After PR submission, a number of automated tests will run and your changes
will be reviewed. Often this may involve some iteration, but we'll help you out
if you're new to git!

### Development installation

After cloning your fork, you can install `pyVBRc` with

```shell
pip install -e .[dev]
```

and then install all the development requirements with

```shell
pip install -r requirements_dev.txt
```

### running the test suite

After completing your development installation, you can run the test suite
with

```shell
pytest -v
```
To also generate a code coverage report

```shell
pytest -v --cov=./ --cov-report=html:coverage/
```
After tests run, you can then open the `coverage/index.html` file in your
preferred browser and check out where test coverage is poor.

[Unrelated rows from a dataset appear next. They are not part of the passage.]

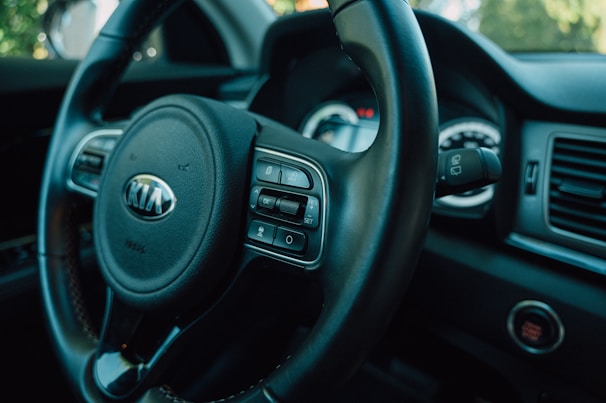 A close-up of a car's interior showcasing the dashboard and controls.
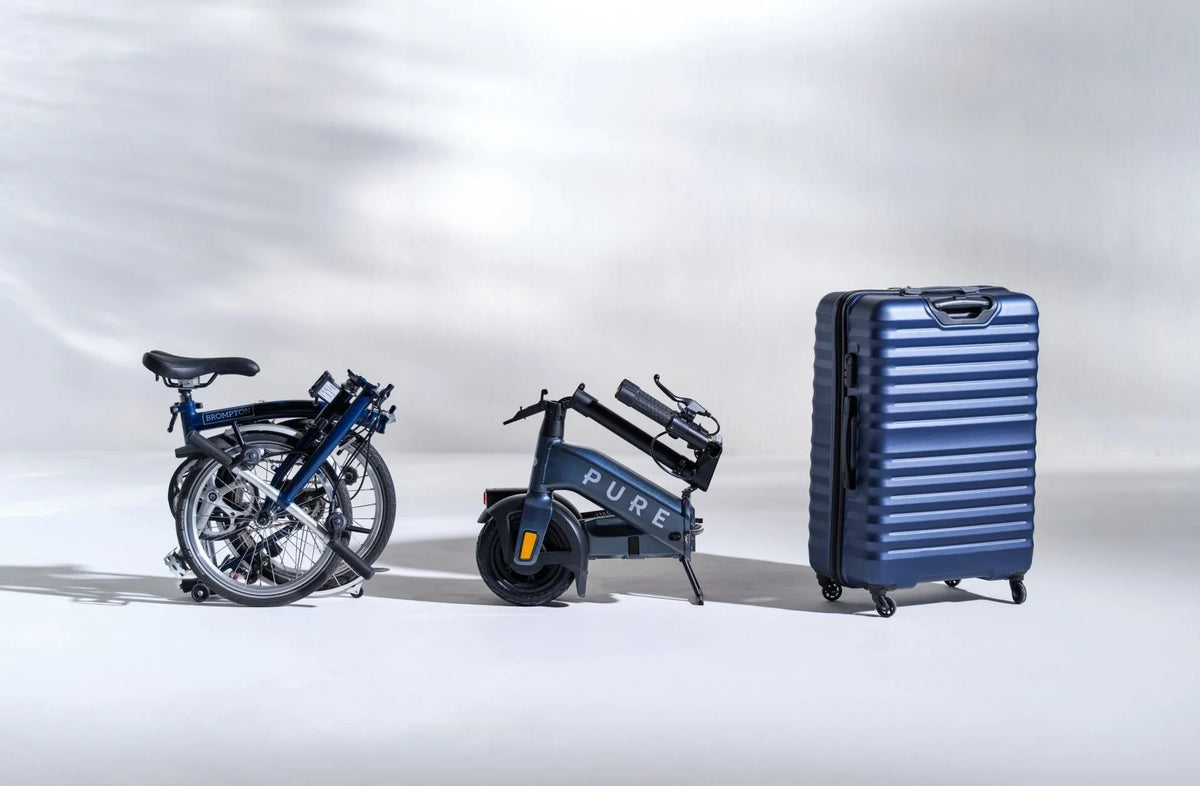 Sklopljeni električni romobil Pure Flex pored sklopljenog bicikla Brompton i plavog kovčega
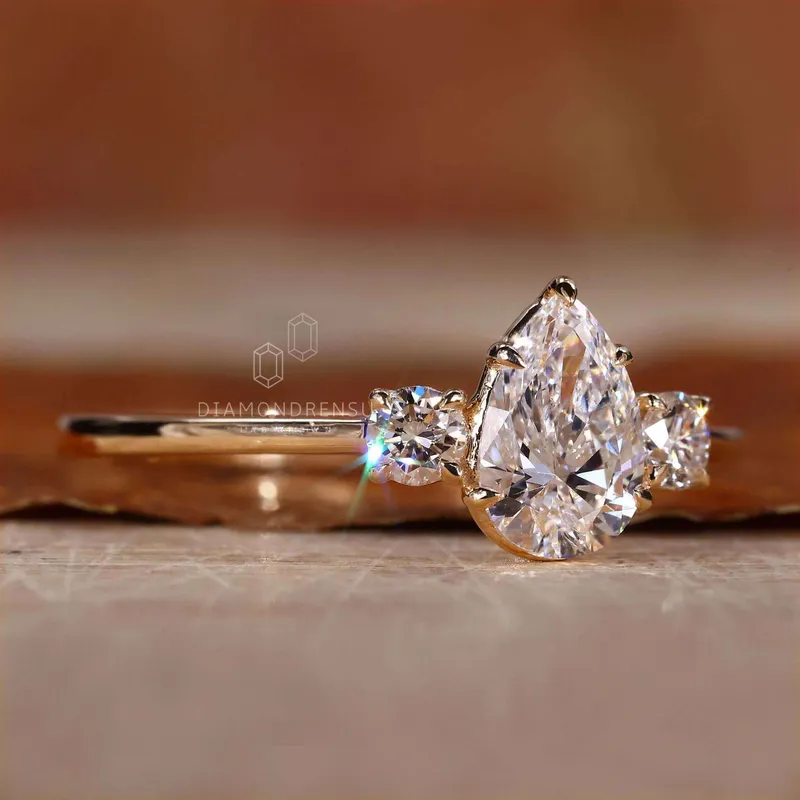 Pear and Round Three Stone Lab Grown Diamond Engagement Ring vy 6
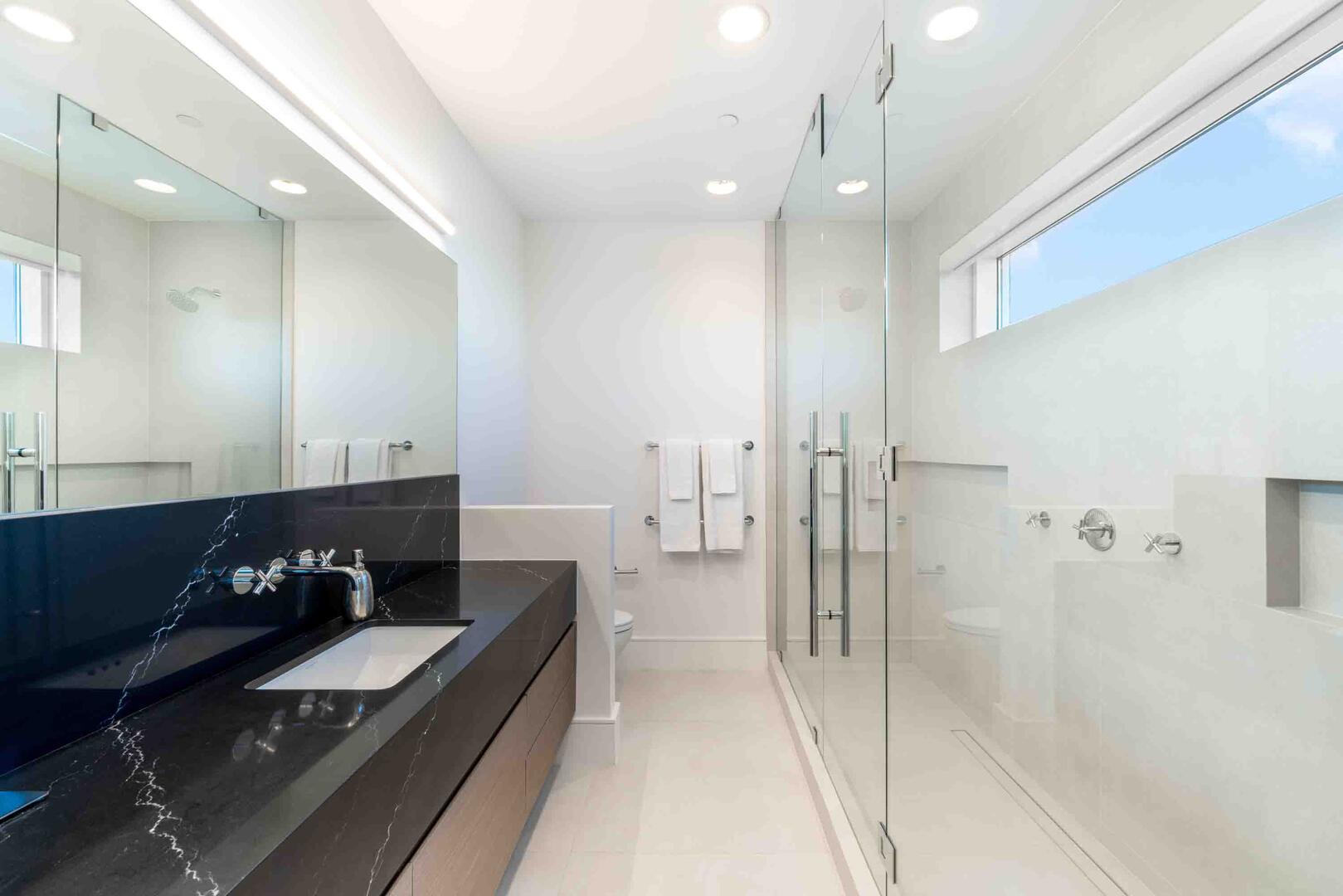 Bedroom 2 ensuite with a large double shower.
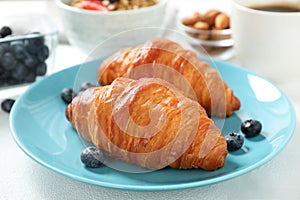 Delicious breakfast with croissants and berries on table, closeup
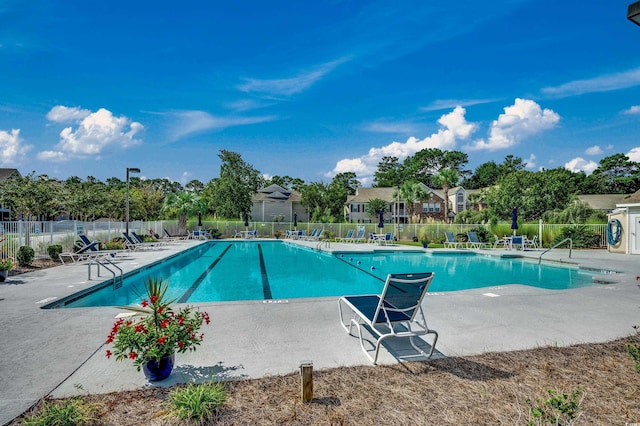 view of pool featuring a patio area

Pull requests are required to maintain the code coverage of the code base, so
you'll have to write new tests to cover any new code. Bug fixes may not require
new tests if coverage is unchanged.

### code style

#### style checks
Code style is enforced with `pre-commit`. When you submit a pull request, the
`pre-commit.ci` bot will test whether your code passes the style requirements. If
that test fails, you can have `pre-commit.ci` autofix your pull request by adding
a comment to the pull request that reads

```
pre-commit.ci autofix
```

and the bot will try to fix the style failures. After it runs, if you still
have work to do on the PR, you'll want to run

```
git pull
```

locally so that you can pull in the bot's changes to your branch.

#### using pre-commit during development

If you'd like to ensure that your code passes all style requirements while
you're developing, you can use pre-commit throughout development. After
building your development installation, you can initialize pre-commit within
your repository with

```shell
pre-commit install
```

and your code changes will be checked every time you commit.